I don’t know why, but today, I had this odd flashback to a deal I negotiated for an (IT) client a few years ago.
Basically, they were unhappy with the service that a supplier had given them, and wanted compensation. They thought that somewhere between £10-20,000 would be reasonable.
I was asked to represent them in the meeting with the supplier. We held this at my client’s office, and there was a member of the client’s finance team, briefed to initially back me up no matter how outrageous I got (but to step in to over-rule me at the second meeting if it looked like we were approaching an agreement, but needed a concession.) The supplier had, likewise, sent in a couple of people.
So, based on a client’s expectation of £10-20k, I decided to ask for ten times that. I asked for £210,000 in refunds.

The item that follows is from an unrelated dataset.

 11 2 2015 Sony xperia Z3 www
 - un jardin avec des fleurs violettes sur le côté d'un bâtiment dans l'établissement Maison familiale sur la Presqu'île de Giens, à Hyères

I don’t want to make it sound too maverick – this wasn’t an “off-the-cuff” figure. Instead, I had about 150 individual documents as backup, and a spreadsheet summarising the work that this supplier had done, referencing the documents, and detailing how I’d arrived at the figure of £210,000.
The supplier was, to put it mildly, a bit surprised. We spent about 20 minutes going through my calculations. All the time, I “kept congruent” – I stayed calm and professional, and acted as if asking for £210k was completely reasonable.
After that 20 minutes, they asked if they could “have time to concur”, so the client’s finance manager and I said that we would pop out of the meeting room for 10 minutes and get coffees. We went downstairs to the next floor, and at the bottom of the stairs, the finance manager burst out laughing. “I can’t believe you did that, Mark” she said, tears rolling down her eyes.
We went back in, and the supplier had a counter-proposal. They would agree to £150,000 of the concession in cash, disputed £10,000 of the calculation, and offered to make up the additional £50,000 in credits against future services. (This was a smart move on their part – it meant that my client would be locked into still using them.)
Now our turn to confer. Important lesson here – despite the fact that the cash element alone of the offer on the table was over seven times what my client had been expecting, we were NOT going to accept straight away. Instead, we asked for permission to pop downstairs, and present their offer to the client’s FD. As you might imagine, he was more than happy, but also understood the importance of making the other party believe that they’ve won. He agreed PROVIDED that a cheque for the funds was issued that day.
We went back upstairs with the offer, which was accepted, and a courier and the cheque arrived that afternoon.
Several important negotiation lessons there:
- Match the sizes of your teams
- Feel free to make an “outrageous” opening offer – you never know what they’re expecting
- Never present yourself as the ultimate decision maker. Always leave yourself room to be over-ruled (in either direction.)
.. but most importantly:
- Act confidently. Make sure that you DON’T act nervously, or as if you feel you are making an insulting offer. Always act as if you feel you are asking for something entirely reasonable.